For examble, for British sociologist, Linda Woodhead, ‘secular’ tends to mean something like a committed and confirmed Dawkinsian Atheist with anti-theist leanings; it means something similar for US sociologist Christel Manning. Yet for the British sociologists Steve Bruce and David Voas, these same phenomenon are precisely and significantly non-secular: instead, strong Atheist identities and movements is, for them, a sign that religion is thriving, whilst the ‘secular’ entails something much more like indifference to religion. As Bruce writes in 2002’s God is Dead:
In so far as I can imagine an endpoint [to European secularization], it would not be conscious irreligion; you have to care too much about religion to be irreligious. It would be widespread indifference… (p. 42)
2. Secondly, and related to the first, there is significant international variation in how terms are understood. Inconsistent use of terms would be a lot more obvious if it was about individual variety, but actually there are local norms that mean that some understandings are taken-for-granted and assumed to be universal. For example, the ‘secular’ qua impassioned and committed non-theist is more common in US (where authors talk about a ‘secular movement’ for example), whilst ‘secular’ meaning past-caring is more common in UK, though the term ‘secularist’ is sometimes used in these settings to indicate those of strong non-theist conviction.
The effect is not a blanket one. Consider that Woodhead is from the UK and Manning from the US but use the term ‘secular’ in the same, US-favoured way. This means that we can’t say, ‘secular means x in place A and means y in place B’ – nothing so neat and tidy as that.
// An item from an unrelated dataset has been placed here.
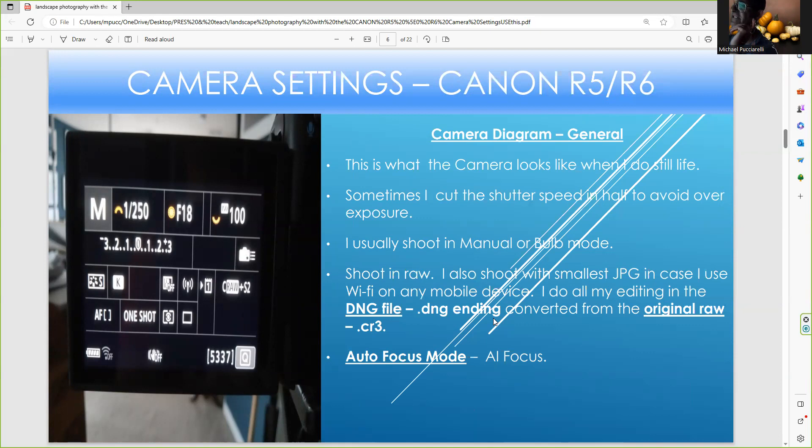I'll talk about settings for all of these. The R5 and R6 can have two cards in the camera — I'll talk about that later. They have different focusing techniques, and all Canon cameras also have Wi-Fi, which has really improved and is taking the photography world by storm. I'll talk about that later too.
Rather, writers need to be explicit about the senses that they use terms in, and not assume that others are using them in the same way.
3. Finally, even if there is no consistent pattern between ‘signifieds’ and ‘signifiers’, the number of similar-sounding signifiers – ‘secular’, ‘atheist’, ‘nonreligious’ – does in fact represent a real variety of signifieds. We do not have a profusion of terms for the same things. Rather, there are subtly different phenomenon, the disentangling of which is in fact significant for understanding the field, and will help us navigate its heterogeneity. These distinctions matter, and are essential if we are to chart the complexities of the groups and phenomena that this multitude of similar-sounding terms are seeking to describe.
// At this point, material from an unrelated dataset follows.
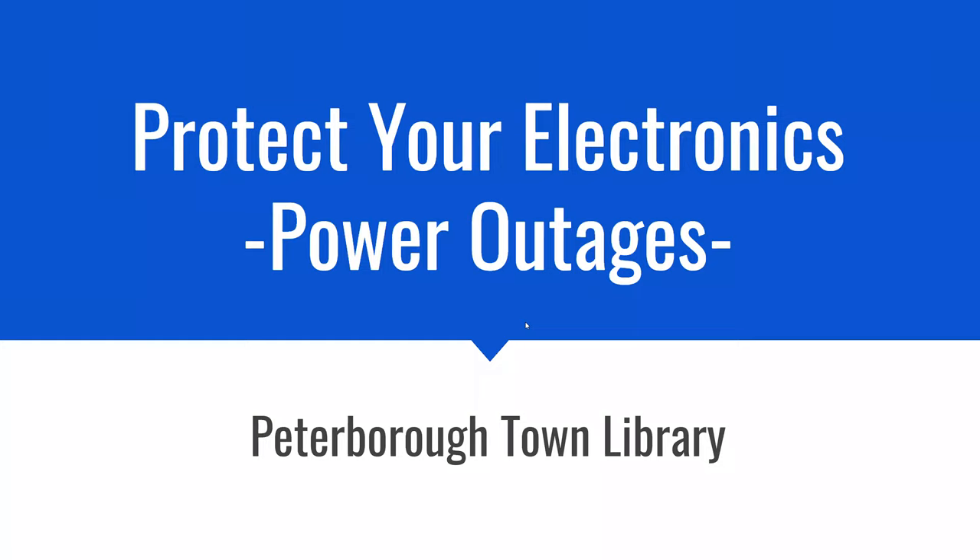Thank you everyone for joining us for Protect Your Electronics Power Adages. Tim is going to give us the how-to's and what to do and what not to do. Today we're going to go over some of the different ways to protect your electronics.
For all of these reasons, we were delighted to be invited by Oxford University Press to write The Oxford Dictionary of Atheism, to form part of their online ‘Quick Reference‘ suite., the ODA (as all the coolest cats will no doubt be calling it) is intended to,
• document key understandings of terms;
• point to multiple, often contradictory senses of terms (several of which are not yet documented in the OED itself); and,
• to provide a centralized, standardized reference point to help researchers make decisions about terminology in their projects.
It also allows us to offer entries on new terms frequently encountered in this field (‘Flying Spaghetti Monster’, ‘Atheism +’, even ‘nonreligion’ itself) for which one would struggle to find clearly, concisely, and handily defined and explained anywhere else.
The ODA itself is due to go live later on in this year, but we’re able – and proud – to share a select set of terms on the Understanding Unbelief website, as part of a dedicated Glossary. We hope that these will be of wide interest and use, including but not limited to those interested in applying for grants under one of our grant competition streams.